Rat Film switches between their stories, anecdotes about rat studies, lessons on economic inequality throughout the 20th century, and far stranger things. We get a first-person tour through crude CG video game recreation of Baltimore, and get to see a starry void when the camera clips through the seams of the environment. In the same way, director Theo Anthony approaches this topic not from any one or two traditional angle but from every possible angle, turning it inside-out and observing from outside dimensions. We see dollhouse recreations of crime scenes in an archive of forensic science, and then a larger version of such in a training center for forensic investigators. The line between the human’s-eye and rat’s-eye view rots as you watch.
Presiding over all is the unnervingly calm voice of a female narrator, who speaks not as if delivering exposition but like an AI instructor from a thousand years in the future. Even as the audience gets to absorb the past with dispassion, their own present is treated in a similar manner. The social problem of poverty will persist, but the current particulars of that problem will one day be artifacts, to be learned with unemotional diligence by whoever cares to look back.
And then there is the visceral revulsion at that which crawls or creeps. Few documentaries cut to their titles from a jump scare, but Rat Film is swarmed with filthy vermin. Even the cute pet rats we meet induce unease, seeming less domesticated than inappropriately appropriated. And then there are the rats who live mere days or hours before being fed to snakes…
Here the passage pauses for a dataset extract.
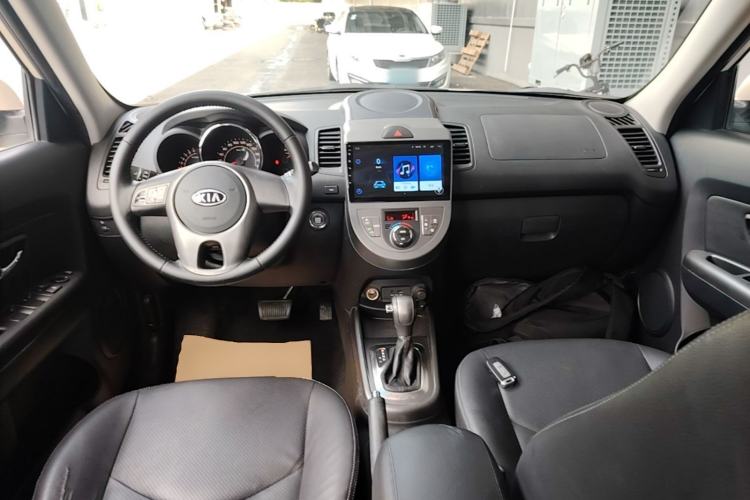 Used Kia Soul 2013 1.6L AT Premium Center Console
Rat Film stalks between being repellent, riveting, and darkly humorous (you will learn so many ways to kill rats, including with a fishing rod). It’s an experimental documentary that’s unusually accessible, even if it will turn many a viewer’s stomach. Ultimately, it’s most haunting not for its vision of urban decay, but for its wistful positing of an ideal society which is able to erase it – contrasted with the stark light of reality.
Rat Film screened at True/False 2017 and will be released by Cinema Guild on September 15.